__Work order__
Reproduce the lines below from the one that contains "Schüler und NRW-Landwirtschaftsministerin" through the end, inclusive, and add nothing.

__Supplied data__
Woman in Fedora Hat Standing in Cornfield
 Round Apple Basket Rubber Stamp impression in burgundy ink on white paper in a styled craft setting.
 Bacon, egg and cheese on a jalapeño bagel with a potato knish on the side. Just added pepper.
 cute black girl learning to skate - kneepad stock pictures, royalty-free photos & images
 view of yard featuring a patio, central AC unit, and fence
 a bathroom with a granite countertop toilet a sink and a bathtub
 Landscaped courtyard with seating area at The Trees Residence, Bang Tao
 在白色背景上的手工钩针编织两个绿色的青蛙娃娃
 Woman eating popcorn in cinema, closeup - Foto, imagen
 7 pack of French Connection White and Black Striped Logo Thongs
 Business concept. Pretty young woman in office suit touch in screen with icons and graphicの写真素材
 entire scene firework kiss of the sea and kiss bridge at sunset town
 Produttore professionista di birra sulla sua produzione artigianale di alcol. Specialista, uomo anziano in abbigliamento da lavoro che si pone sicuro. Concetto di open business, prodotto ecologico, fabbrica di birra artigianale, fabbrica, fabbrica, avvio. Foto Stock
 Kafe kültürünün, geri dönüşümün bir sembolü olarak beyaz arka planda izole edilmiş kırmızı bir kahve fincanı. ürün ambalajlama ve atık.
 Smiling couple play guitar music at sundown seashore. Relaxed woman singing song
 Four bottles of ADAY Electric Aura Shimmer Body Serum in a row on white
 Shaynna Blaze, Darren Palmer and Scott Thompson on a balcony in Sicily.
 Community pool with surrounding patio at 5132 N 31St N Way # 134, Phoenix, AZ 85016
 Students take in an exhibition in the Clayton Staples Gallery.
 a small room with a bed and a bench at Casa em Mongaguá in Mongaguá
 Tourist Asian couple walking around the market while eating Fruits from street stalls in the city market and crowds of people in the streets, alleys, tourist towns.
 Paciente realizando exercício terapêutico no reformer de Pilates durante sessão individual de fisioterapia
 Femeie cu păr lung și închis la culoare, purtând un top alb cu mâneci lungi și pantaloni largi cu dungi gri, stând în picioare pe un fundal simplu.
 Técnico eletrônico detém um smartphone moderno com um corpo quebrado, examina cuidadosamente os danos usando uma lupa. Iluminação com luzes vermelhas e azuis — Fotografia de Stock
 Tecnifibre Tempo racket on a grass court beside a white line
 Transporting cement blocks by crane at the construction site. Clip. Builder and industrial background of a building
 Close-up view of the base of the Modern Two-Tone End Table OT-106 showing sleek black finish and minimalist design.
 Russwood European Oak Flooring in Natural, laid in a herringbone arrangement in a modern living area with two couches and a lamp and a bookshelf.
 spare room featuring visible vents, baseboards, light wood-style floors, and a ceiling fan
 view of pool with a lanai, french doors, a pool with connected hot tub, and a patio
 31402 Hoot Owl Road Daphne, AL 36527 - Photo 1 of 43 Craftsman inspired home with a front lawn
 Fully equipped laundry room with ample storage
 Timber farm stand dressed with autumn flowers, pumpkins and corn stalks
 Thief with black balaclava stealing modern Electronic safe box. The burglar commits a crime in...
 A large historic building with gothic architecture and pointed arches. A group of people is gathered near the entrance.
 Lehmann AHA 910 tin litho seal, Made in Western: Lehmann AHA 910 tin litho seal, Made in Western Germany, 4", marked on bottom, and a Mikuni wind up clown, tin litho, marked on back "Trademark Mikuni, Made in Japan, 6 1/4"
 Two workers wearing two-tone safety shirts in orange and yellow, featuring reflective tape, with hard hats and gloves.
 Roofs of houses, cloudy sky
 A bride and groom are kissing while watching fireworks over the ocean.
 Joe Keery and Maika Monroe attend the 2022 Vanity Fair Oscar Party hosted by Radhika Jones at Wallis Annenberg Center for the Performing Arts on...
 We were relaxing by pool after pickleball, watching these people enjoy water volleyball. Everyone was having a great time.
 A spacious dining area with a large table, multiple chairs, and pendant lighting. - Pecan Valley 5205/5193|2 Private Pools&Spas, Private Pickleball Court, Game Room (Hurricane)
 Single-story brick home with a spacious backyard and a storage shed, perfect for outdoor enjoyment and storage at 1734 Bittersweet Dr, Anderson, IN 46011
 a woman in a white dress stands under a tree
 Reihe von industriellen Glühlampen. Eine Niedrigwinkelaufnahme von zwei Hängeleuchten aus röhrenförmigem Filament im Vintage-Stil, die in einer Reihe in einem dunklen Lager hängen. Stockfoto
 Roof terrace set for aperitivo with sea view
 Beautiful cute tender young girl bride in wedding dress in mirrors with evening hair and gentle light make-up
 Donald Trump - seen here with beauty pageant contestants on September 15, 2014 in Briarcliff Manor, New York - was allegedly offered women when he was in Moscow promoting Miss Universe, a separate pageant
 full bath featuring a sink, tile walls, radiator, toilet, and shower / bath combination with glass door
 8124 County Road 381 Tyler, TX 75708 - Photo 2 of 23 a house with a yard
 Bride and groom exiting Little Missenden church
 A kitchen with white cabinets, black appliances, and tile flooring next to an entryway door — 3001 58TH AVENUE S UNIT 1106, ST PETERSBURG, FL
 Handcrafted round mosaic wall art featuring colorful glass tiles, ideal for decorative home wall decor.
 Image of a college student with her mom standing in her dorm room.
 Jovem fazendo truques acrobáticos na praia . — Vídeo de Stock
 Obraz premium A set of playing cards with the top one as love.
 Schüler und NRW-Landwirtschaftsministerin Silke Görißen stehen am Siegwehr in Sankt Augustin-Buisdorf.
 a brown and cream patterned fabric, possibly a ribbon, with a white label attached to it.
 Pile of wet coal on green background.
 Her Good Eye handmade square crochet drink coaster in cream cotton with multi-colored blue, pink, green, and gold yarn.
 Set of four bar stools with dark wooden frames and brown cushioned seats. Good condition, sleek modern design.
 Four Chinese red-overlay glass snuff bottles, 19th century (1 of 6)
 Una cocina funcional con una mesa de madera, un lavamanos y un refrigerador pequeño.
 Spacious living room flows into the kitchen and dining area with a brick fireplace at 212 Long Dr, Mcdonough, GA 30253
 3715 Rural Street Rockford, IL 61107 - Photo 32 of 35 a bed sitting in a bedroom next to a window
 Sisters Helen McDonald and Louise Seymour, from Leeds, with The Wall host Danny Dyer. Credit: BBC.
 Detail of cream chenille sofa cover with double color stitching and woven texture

__Answer below__
 Schüler und NRW-Landwirtschaftsministerin Silke Görißen stehen am Siegwehr in Sankt Augustin-Buisdorf.
 a brown and cream patterned fabric, possibly a ribbon, with a white label attached to it.
 Pile of wet coal on green background.
 Her Good Eye handmade square crochet drink coaster in cream cotton with multi-colored blue, pink, green, and gold yarn.
 Set of four bar stools with dark wooden frames and brown cushioned seats. Good condition, sleek modern design.
 Four Chinese red-overlay glass snuff bottles, 19th century (1 of 6)
 Una cocina funcional con una mesa de madera, un lavamanos y un refrigerador pequeño.
 Spacious living room flows into the kitchen and dining area with a brick fireplace at 212 Long Dr, Mcdonough, GA 30253
 3715 Rural Street Rockford, IL 61107 - Photo 32 of 35 a bed sitting in a bedroom next to a window
 Sisters Helen McDonald and Louise Seymour, from Leeds, with The Wall host Danny Dyer. Credit: BBC.
 Detail of cream chenille sofa cover with double color stitching and woven texture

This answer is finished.